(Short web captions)
►

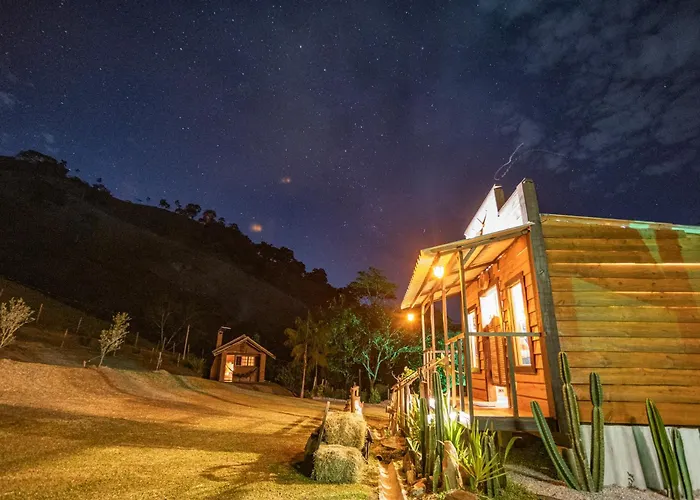 Pousada Lua Bonita São Bento do Sapucaí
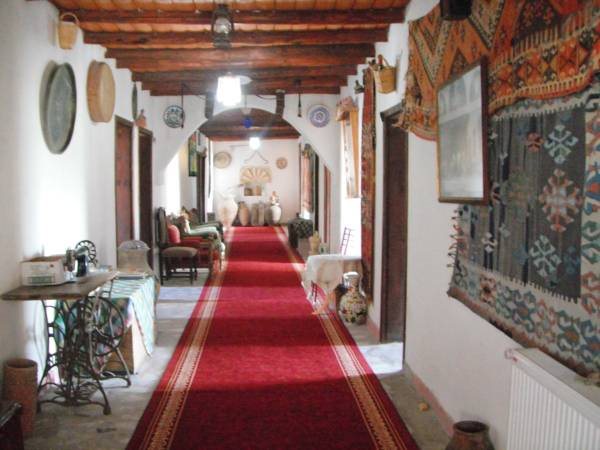 Muskara Cave Hotel Rezervasyon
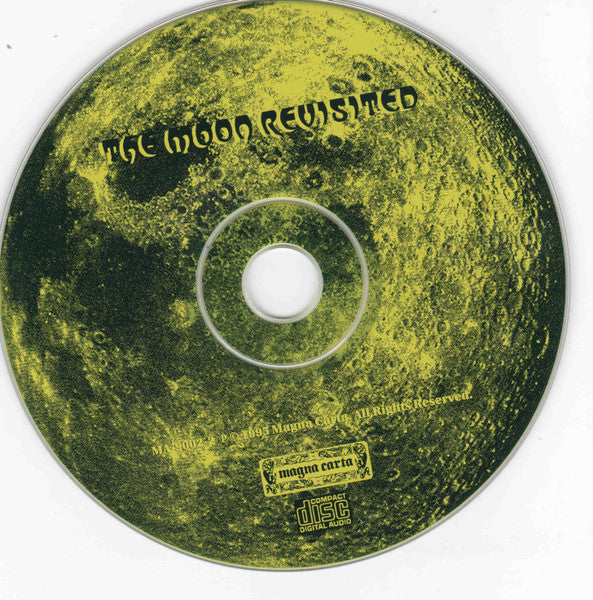 Various : The Moon Revisited (Album)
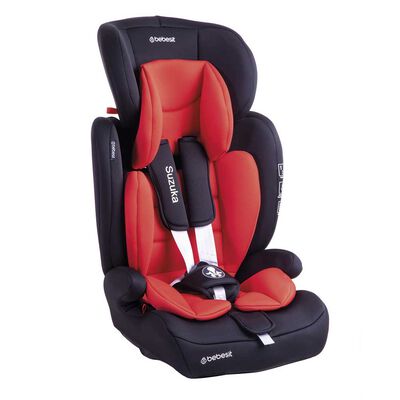 Silla de Auto Suzuka SX Rojo Bebesit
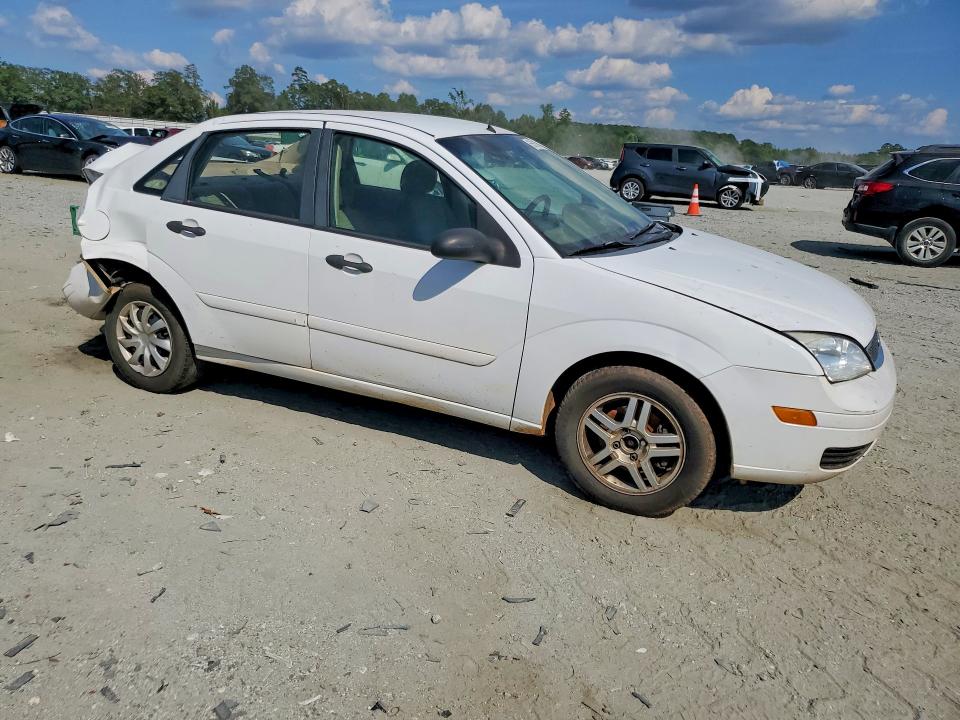 Продаж на аукціоні авто 2007 Ford Focus, vin: 1FAHP34N27W176986, номер лоту: 65560246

◄

● **Task item**: Return the entries verbatim, pictures excluded.

● **Task output**:
 Pousada Lua Bonita São Bento do Sapucaí
 Muskara Cave Hotel Rezervasyon
 Various : The Moon Revisited (Album)
 Silla de Auto Suzuka SX Rojo Bebesit
 Продаж на аукціоні авто 2007 Ford Focus, vin: 1FAHP34N27W176986, номер лоту: 65560246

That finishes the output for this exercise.